The ChandeLIA is a suspended musical instrument created by Lia Mice that transforms a chandelier into an audio-visual performance instrument.
Performing with sound, light and brass
The performer creates a tone by striking or tapping the ChandeLIA (using their hand or a ChandeLIA baton), and can make changes to the tone, such as microtonal pitch shifts and adjustments to audio effects, by swinging, tilting and spinning the ChandeLIA. The instrument was designed to sound like a mixture of the organic bell-like sound of tapping on the metal chandelier, and the sound of electricity powering the lights.
How it works
Embedded in the central shaft of the ChandeLIA are a piezo disc and an Adafruit BNO055 absolute orientation sensor. These sensors are connected to a Bela board which processes the sensor data to determine when to output a tone, as well as the sonic properties of the tone, and when to flash the LED lights. The audio output of Bela is connected to a set of speakers for the performer and audience to hear the instrument.

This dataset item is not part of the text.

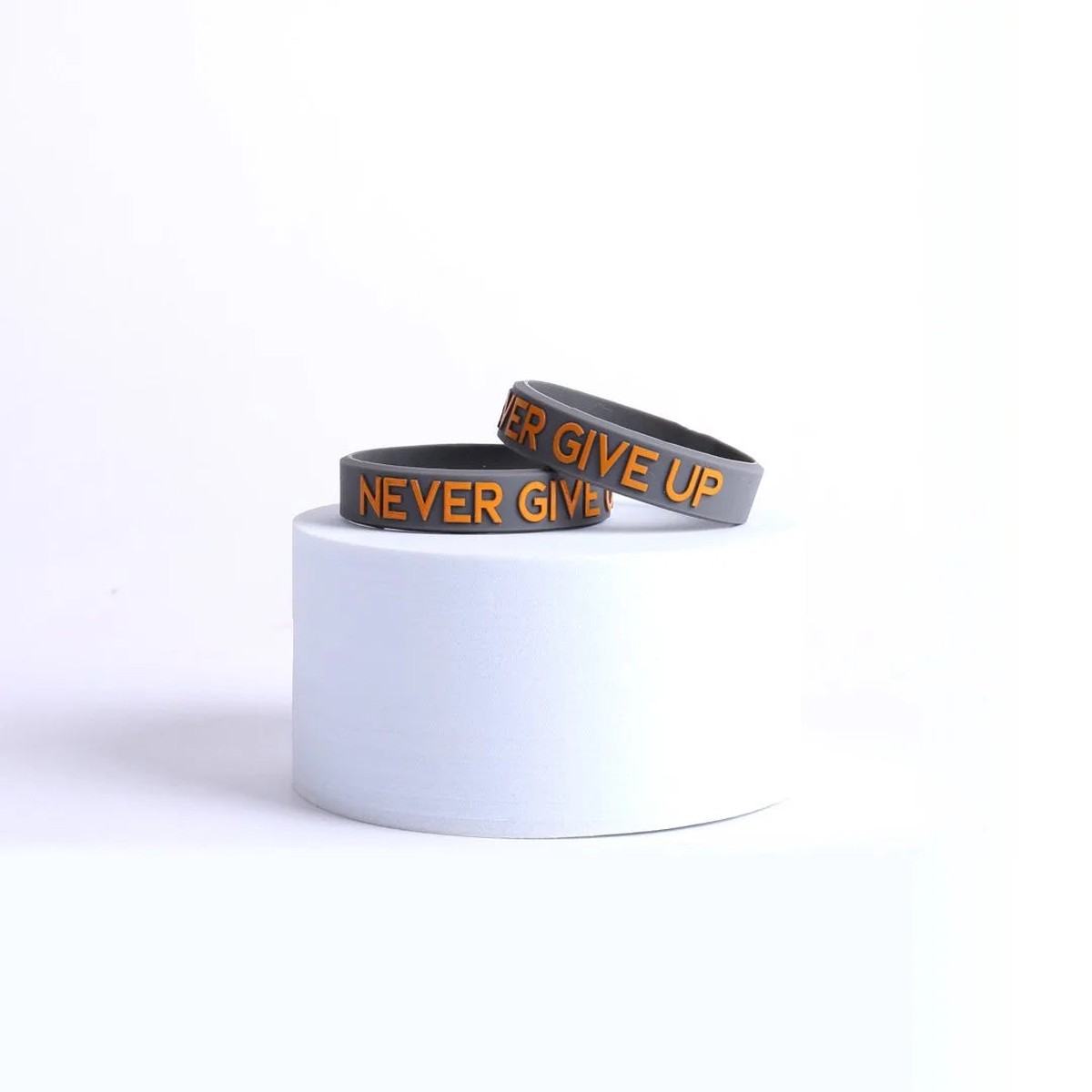 Power Band Never Give Up Small 1/2-Inch Bracelets - Pack of 12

The piezo disc is the chosen sensor for detecting striking/tapping gestures because when embedded at the base of the central shaft of The ChandeLIA it is sensitive enough to detect striking/tapping gestures performed all over the instrument - including on the instrument’s body, arms, light fixtures, light bulbs and support chain. The vibrations captured by the piezo disc are sent straight to Bela’s audio input.

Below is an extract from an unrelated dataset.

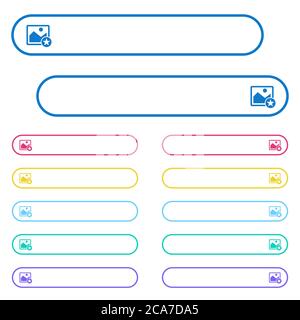 Rank le icone delle immagini in pulsanti di menu a colori arrotondati. Variazioni delle icone sul lato sinistro e destro. Illustrazione Vettoriale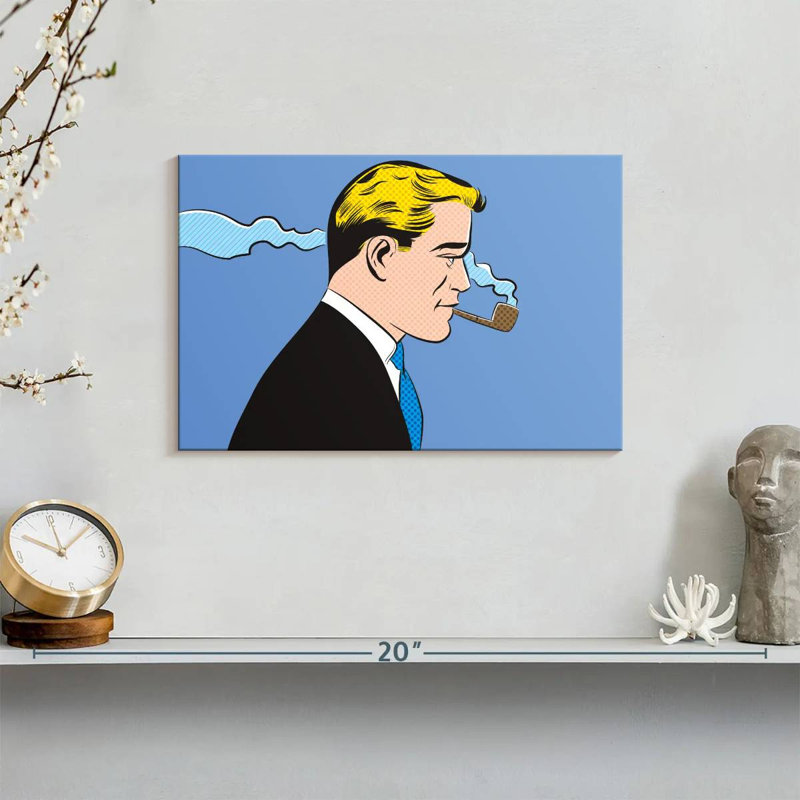 Leisha Man Smoking A Pipe, 8" H x 12" W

The BNO055 breakout board is an Inertial Measurement Unit (IMU) used for movement sensing. It features an accelerometer, magnetometer and gyroscope, and combines the data of these three sensors into actual three dimensional space orientation. It is the chosen component for sensing movement of the chandelier (such as swinging, tilting and spinning) as it can offer readings pertaining to the X, Y and Z axis locations of the chandelier. This three dimensional space orientation data is read by the Bela board using I2C and is then used to affect the sound the instrument is making.
Bela was chosen as it can act as both the processor and micro-controller, and because it has ultra-low latency for audio and sensors, which allows the performer and audience to feel as though the sound and all its effects are truly created by the performer interacting with the instrument.
The sound design of the instrument was intended to sound like a mixture of the organic bell-like sounds created by tapping on the metal chandelier, and the sound of electricity powering the lights. The sound design was realised by using the audio signal captured by the piezo disc to excite a Karplus-Strong algorithm that models the sound of a string vibrating. The electric sound was created by using sending additional synthesised signals into the alogrithm.
Some parameters of the modelling are affected by the sensor readings collected by the BNO055 IMU. The sound of the instrument is further processed by audio effects including chorus and delay, the parameters of which are also controlled by readings collected by the BNO055. The result is an electric droning sound when The ChandeLIA is hanging, but when turned upside down the droning ceases and the instrument is able to be performed as a more bell-like instrument with a fast decay after each strike.
Lia Mice is a producer, DJ, multi-instrumentalist, live performer and instrument designer. She is currently producing her third LP and completing a PhD in Media and Arts Technology at Queen Mary University of London. Thanks to Lia for sharing this great project with us.